Who We Are
In 2016, nine labor and human rights organizations formed a coalition to advocate for transparency in apparel supply chains.
Coalition members are:
- IndustriALL Global Union
- International Trade Union Confederation
- UNI Global Union
- Human Rights Watch
- Clean Clothes Campaign
- Maquila Solidarity Network
- Worker Rights Consortium
- International Corporate Accountability Roundtable
- International Labor Rights Forum.
The coalition endorsed the Transparency Pledge as a minimum standard for supply chain disclosure. The Pledge is based on existing, positive industry practices.
The objective of the Transparency Pledge is to help the garment industry reach a common minimum standard for supply chain disclosures by getting companies to publish standardized, meaningful information on all factories in the manufacturing phase of their supply chains.

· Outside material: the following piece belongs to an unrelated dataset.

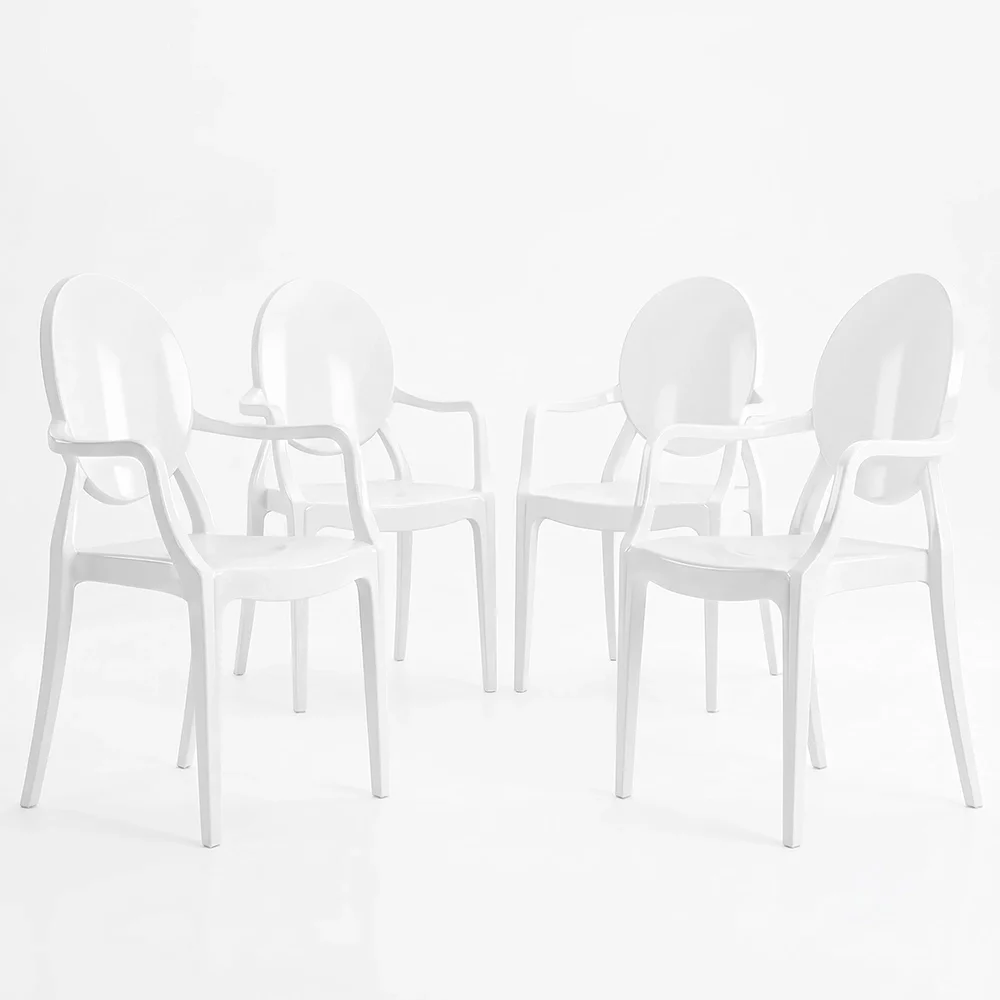 Pack de 4 Chaises de Salle à Manger - Transparent - Design avec Accoudoirs - Arthur image 8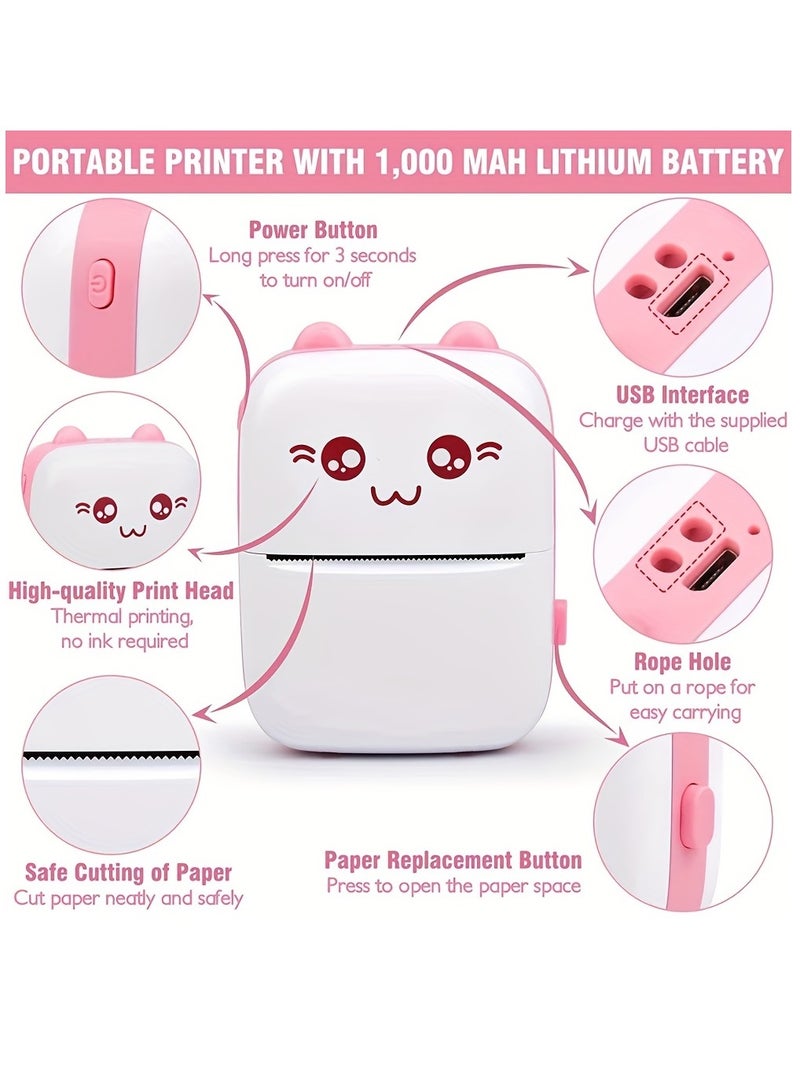 Mini Printer Portable Thermal Printer with 1 Roll Paper Mini Pocket Printer Wireless Bluetooth Thermal Printer with Thermal Printing Paper USB Cable for Note Photo Web Document Printing Label Receipt - Image 2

The Pledge aims for consistency in disclosures, which is sorely needed, as shown by an analysis carried out by coalition members of supply chain information published by September 2016 by 23 global apparel companies. In the absence of standards, companies adopt different approaches to transparency, sometimes excluding important information that makes it effective.
What We Want To Achieve
The Transparency Pledge is an important first step, but is not the end of the story. Far more can and should be done to promote deeper and wider transparency and human rights in garment industry supply chains.
While supply chain transparency is widely recognized as an important pillar on which corporate accountability is built, transparency alone does not result in improved working conditions or accountability. Brands should adopt transparent practices and complement them with other steps to strengthen human rights due diligence in their supply chains.
Countries where global apparel companies do business should pass legislation that promotes mandatory human rights due diligence in the global supply chains of companies, including mandatory publication of supplier information. These should build on the California Transparency in Supply Chains Act, “sweat-free” procurement laws adopted by dozens of local governments in the US, the UK Modern Slavery Act and the 2017 French law on corporate duty of vigilance. Such legislation will go a long way in creating a level playing field in the garment industry.